Verstappen tem 4,3 milhões de seguidores no Instagram, Norris tem 1 milhão de seguidores no Twitter e Leclerc acumula mais de 600.000 seguidores na Twitch, por onde faz transmissões ao vivo jogando videogames online, inclusive Fórmula 1. “Hoje em dia, há um peso gigante para o que o piloto é fora da pista. Muitos conseguem uma força maior do que a própria entidade que representam”, diz Renê Salviano, especialista em marketing esportivo e fundador da agência HeatMap.

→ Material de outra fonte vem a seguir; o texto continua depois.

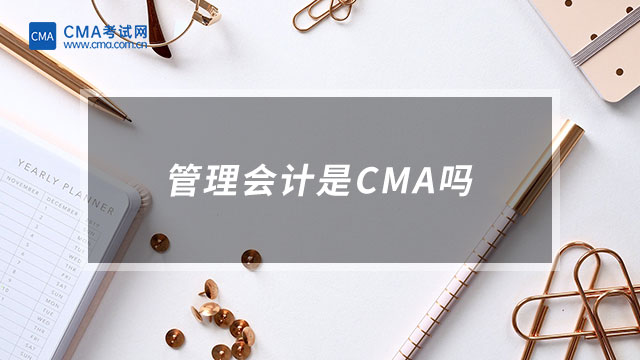 管理會(huì)計(jì)是CMA嗎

Na sua área, Salviano ressalta a criação da série Drive to Survive, de 2019, que conta na Netflix os bastidores da elite mundial do automobilismo. “Isso é uma mudança muito grande em busca de atratividade. A F1 entendeu que estava perdendo audiência e foi atrás de soluções para garimpar um público novo”, diz o executivo. A produção cumpriu seu papel. Desde sua estreia, o público da F1 entre 16 e 35 anos aumentou em 77%, segundo a Nielsen Sports, empresa especializada na área de análise de audiência esportiva, e já representa metade dos espectadores da categoria. A Liberty Media ainda computa 73 milhões novos torcedores para a F1, um aumento de 20% de público no que eles chamam de “países-chave”, como Brasil, China e Estados Unidos.

Nas cenas dos próximos capítulos, o veterano campeão, Hamilton, enfrenta o novato promissor, Verstappen, empatados na liderança na última corrida. Um em busca do inédito octacampeonato, enquanto o outro tenta vencer pela primeira vez. “Só de pensar já estou com úlcera. Não sei se vou conseguir assistir”, resume a ansiosa Beatriz. “O Hamilton está num momento melhor, mas o Verstappen teve um carro melhor ao longo da temporada. Não dá para saber o que vai acontecer”, completa Giaffone. Um britânico e um holandês brigarão pelo título histórico no domingo de manhã, e o Brasil estará de olho.